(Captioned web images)
___

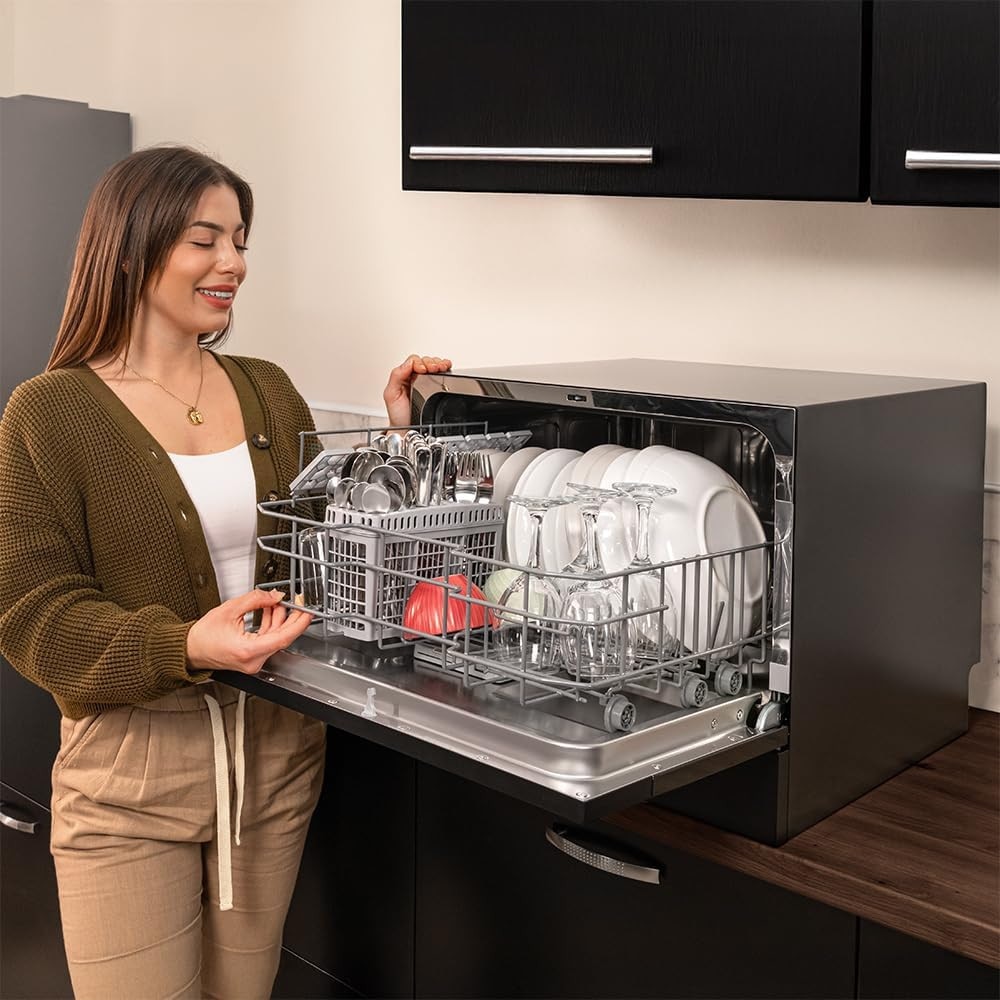 Mini masina de spalat vase incorporabila Cecotec, Bolero Aguazero Dark Mini, capacitate 6 seturi, 8 programe prestabilite, functie Dry+, temperatura max 70°C, functie antibacteriana Germ Shield, autocuratare, negru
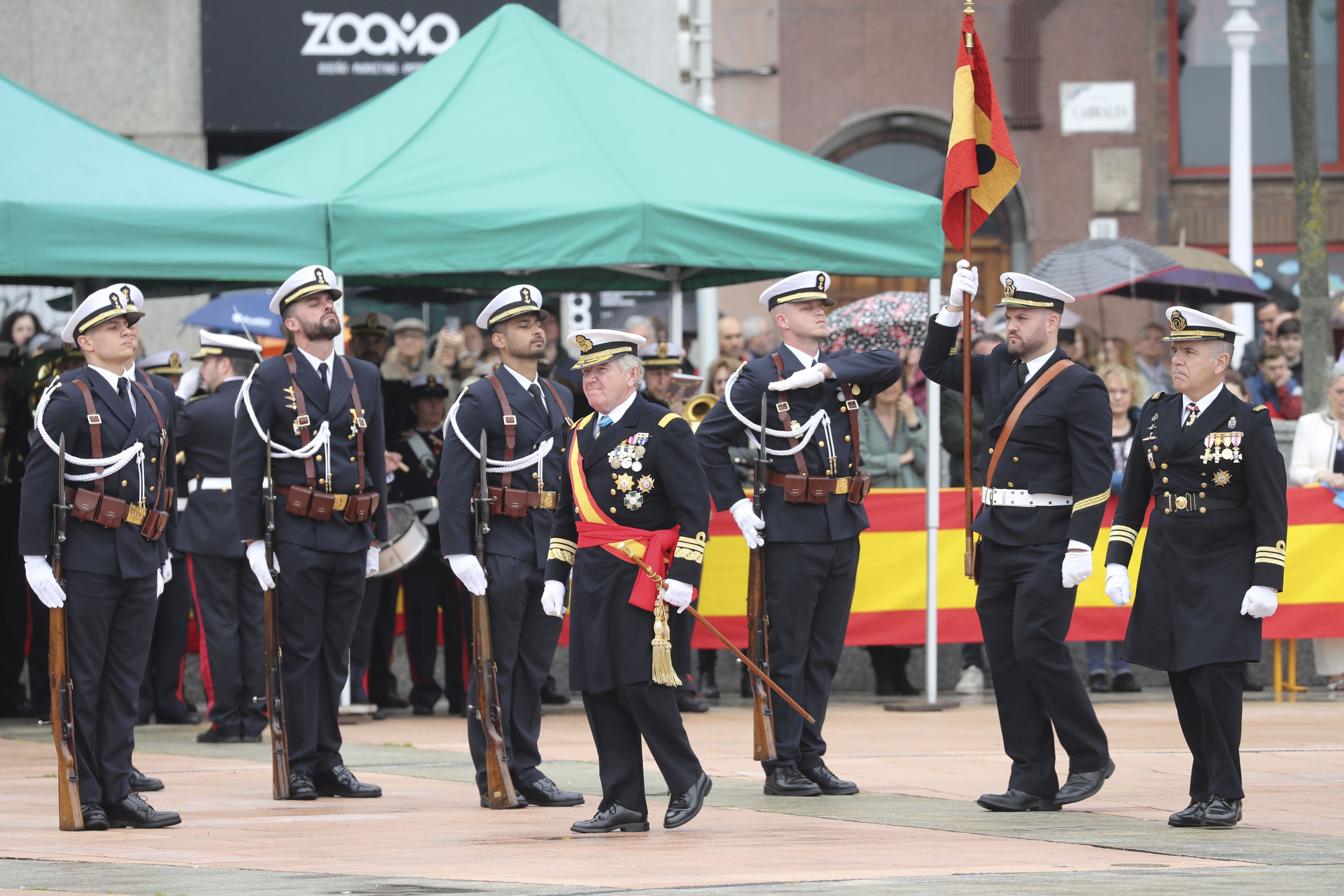 Las imágenes de la jura de bandera en Gijón (1)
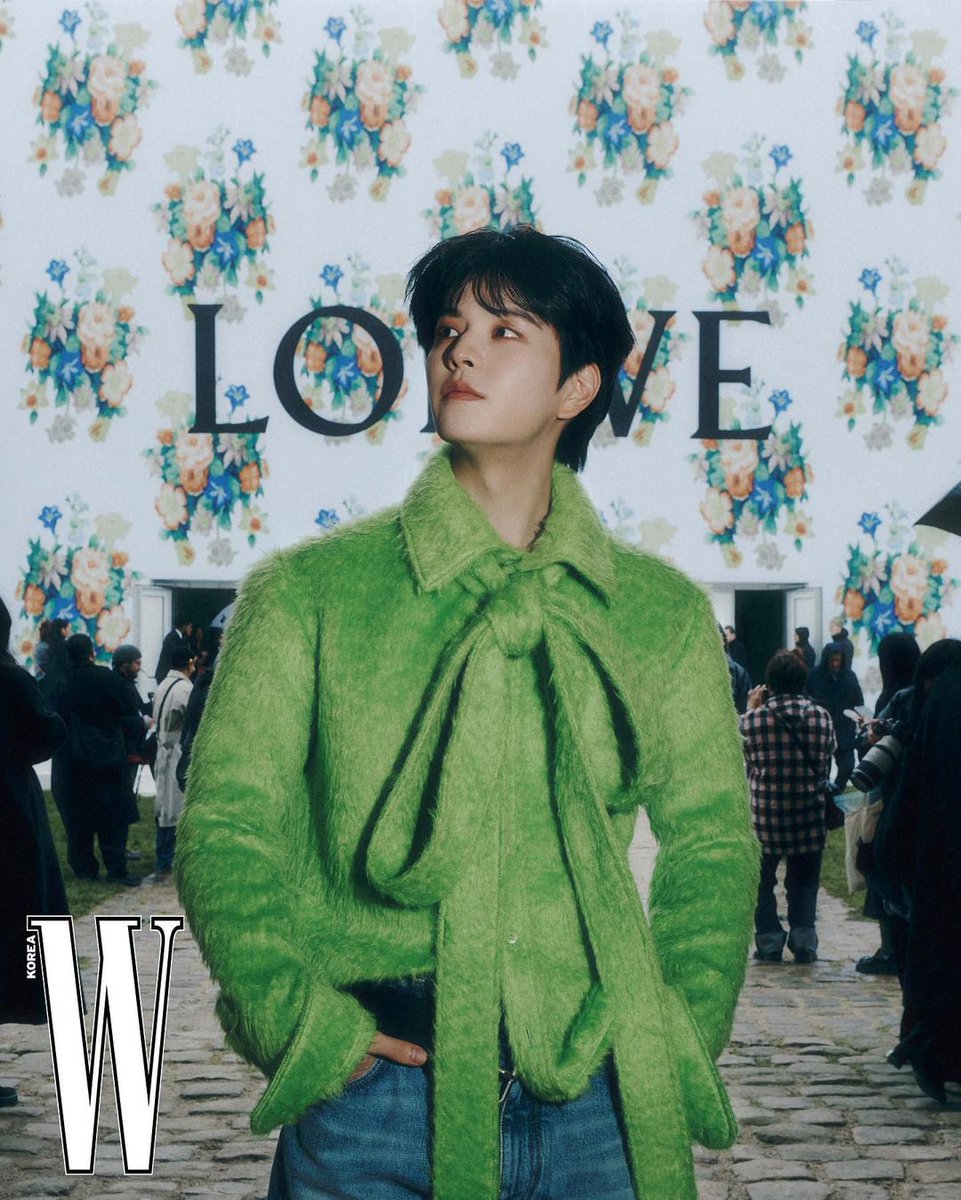 viraltakes's tweet photo. Seungmin of Stray Kids looks majestic in a new shot from the LOEWE show at Paris Fashion Week. https://t.co/jcJJVkJS11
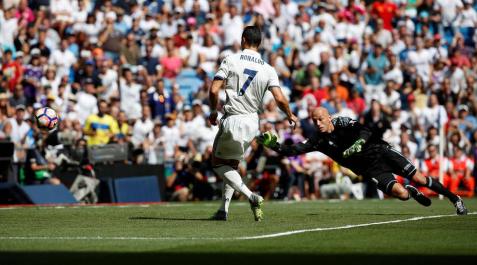 Imágenes del encuentro de la jornada 3 de LaLiga Santander disputado en el Santiago Bernabéu entre Real Madrid y el C.A. Osasuna.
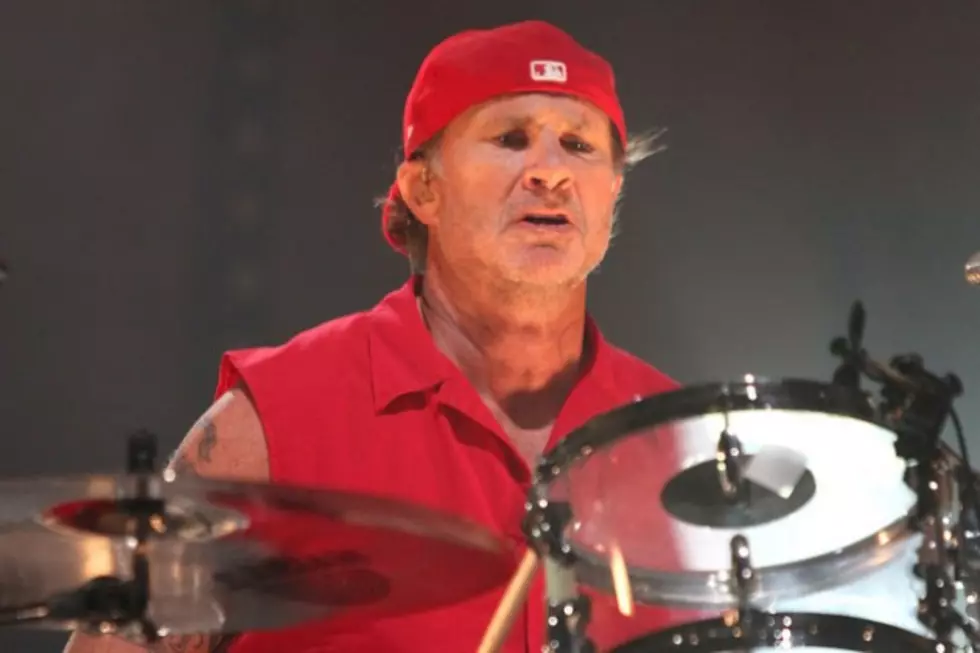 News From the Pit: Chad Smith Gets Death Threats, Gene Simmons Says He Can’t Sing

___

> _Exercise_
Word for word, set down the lines from the line with "Imágenes del encuentro" through the last line of the entries, and nothing else; the pictures stay out.

> _Answer for the task_
 Imágenes del encuentro de la jornada 3 de LaLiga Santander disputado en el Santiago Bernabéu entre Real Madrid y el C.A. Osasuna.
 News From the Pit: Chad Smith Gets Death Threats, Gene Simmons Says He Can’t Sing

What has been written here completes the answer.